No, it’s a road out of the impasse, a way out of the self-defeating Arabs-against-Jews political blind alley into which the Palestinian struggle has been led by Hamas and the Palestinian Authority, a blind alley in which supporters of the Boycott-Divestment-Sanctions campaign also find themselves. It is not a comprehensive programme for the liberation of Palestine and makes no claim to be such, but rather, as it says, a set of immediate demands to give the toilers space to live and organise, and find their common interests.
Recognition of the state of Israel is not the same as support to the state of Israel, and therefore has nothing to do with Zionism by any definition of the term. I support recognising Israel in the same way as I support recognising the French, New Zealand or Turkish states. It implies no support for these states or the governments that rule them, only recognition of the simple fact that, for the time being, they exist. This kind of recognition ought to be straightforward enough, a simple matter of facing the facts of the relationship of class forces today.
Under what circumstances would I refuse to recognise a state or government? Firstly, when that government’s claim to be the legitimate government is false. For example, for several decades after the victory of the Chinese revolution in 1949, the defeated Kuomintang regime of Chiang Kai-Shek continued to claim that it ruled all of China, even after it had fled to Taiwan and controlled no territory outside of Taiwan.

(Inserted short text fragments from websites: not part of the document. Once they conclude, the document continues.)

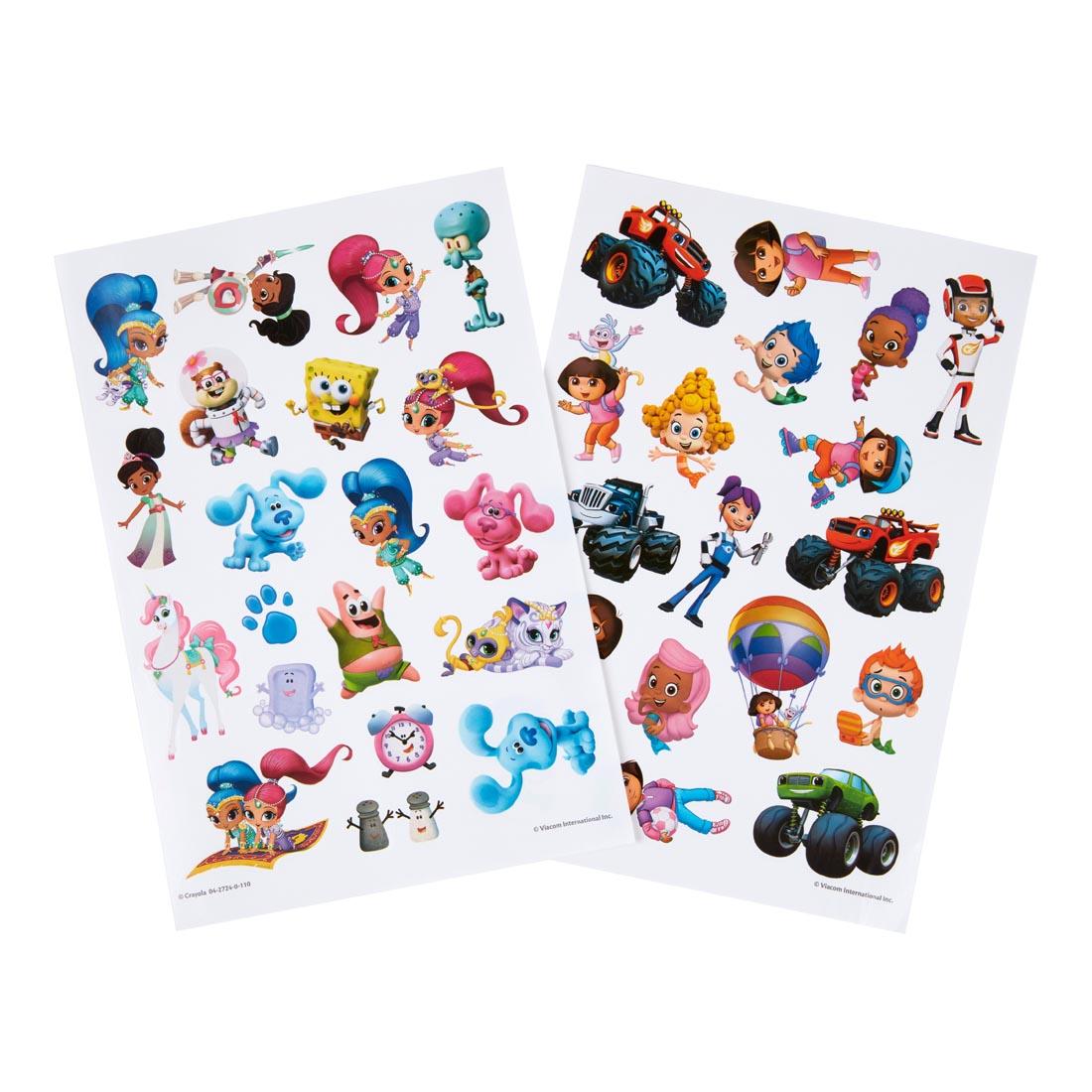 sticker sheets from inside the Crayola Nick Jr. Coloring Book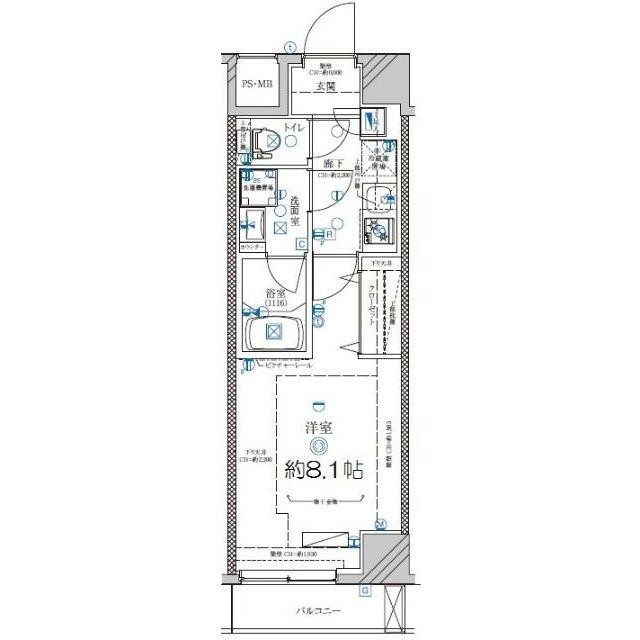 1Kになります(間取)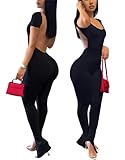 Bodycon Jumpsuits for Women Sexy Backless Rompers Short Sleeve Scoop Neck Stacked Split High Wasited One Piece Outfits Pants Catsuits Black S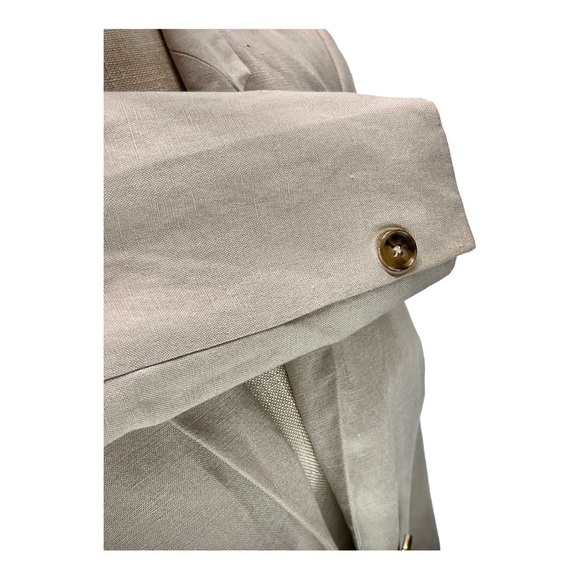 Calvin Klein Blazer 4  Jacket Open Front Linen  Rayon Light Pocket Front Gray - Picture 6 of 9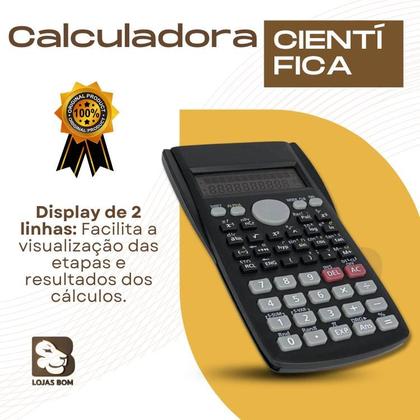 Imagem de Calculadora Científica Multifuncional Visor Operações Matemáticas Avançadas Funções Trigonométricas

In spite of that, it was recognised in the United Nations as the true government of China until 1971. The remnant Khmer Rouge forces of Pol Pot, defeated by a Vietnamese-supported uprising in 1979, also claimed to be the legitimate government of Cambodia for another twenty years, likewise receiving UN recognition. All UN development aid intended for Cambodia was thus diverted to their wretched military barracks. These were clearly fraudulent claims; imaginary states and governments.
To take a slightly different example, I oppose recognising US sovereignty over the enclave it occupies at Guantánamo Bay in Cuba. Their control of the enclave is real enough, but Guantánamo Bay is clearly part of the sovereign territory of Cuba, not separate from it and not part of the US, and the US occupation of it violates the clearly-expressed will of the entire Cuban people. One further example: I expect that before many years have passed I will recognise a Kurdish state. But it would be premature and wrong to recognise such a state at present, no matter how much I wish it would come into existence, because as yet it doesn’t exist.
Aside from situations like that, in which wars and revolutions lead to a real dispute over who actually rules a territory, I can’t think of any reason why you would not recognise the existing state. There once was such a dispute over who actually ruled Israel for some years after 1947, but that state of affairs ended in 1967 if not earlier (whether we like the way it ended or not.)
Why does it matter? Why is it a fight to recognise the state of Israel? Because various bourgeois political currents in the Middle East continue to act as if the Israeli state is a figment of the imperialist imagination, like the non-existent states ruled by Chiang or Pol Pot. More importantly, a false political strategy rests on this non-recognition. The capitalist states that I recognise are not transitory or imaginary entities. They will have to be overthrown from within by the working class in those states, and can not simply be pushed aside by a military action from without, still less by an act of will. The fight to overthrow the Israeli state is closely intertwined with the Palestinian national struggle, but it can not be reduced to that struggle. The refusal to recognise Israel is first and foremost a rejection of any possibility of common struggle between Palestinians and Israeli Jews. That is why it matters and why it is wrong.
Here are a few of the negative consequences of this false strategy built on non-recognition of Israel:
1. The open encouragement of Palestinian youth to engage in utterly self-defeating acts of individual terrorism directed indiscriminately against Israeli civilians – acts whose only consequences could be ever-more-violent repression by Israeli forces and ever-greater support for such repression among Israeli Jews. This is absolutely suicidal for the Palestinian struggle. The blows of repression fall hardest upon the most courageous young Palestinian fighters. In the recent round, Hamas even drags the honourable history of the intifada into the mud, by equating that act of mass resistance with today’s individual acts of terror.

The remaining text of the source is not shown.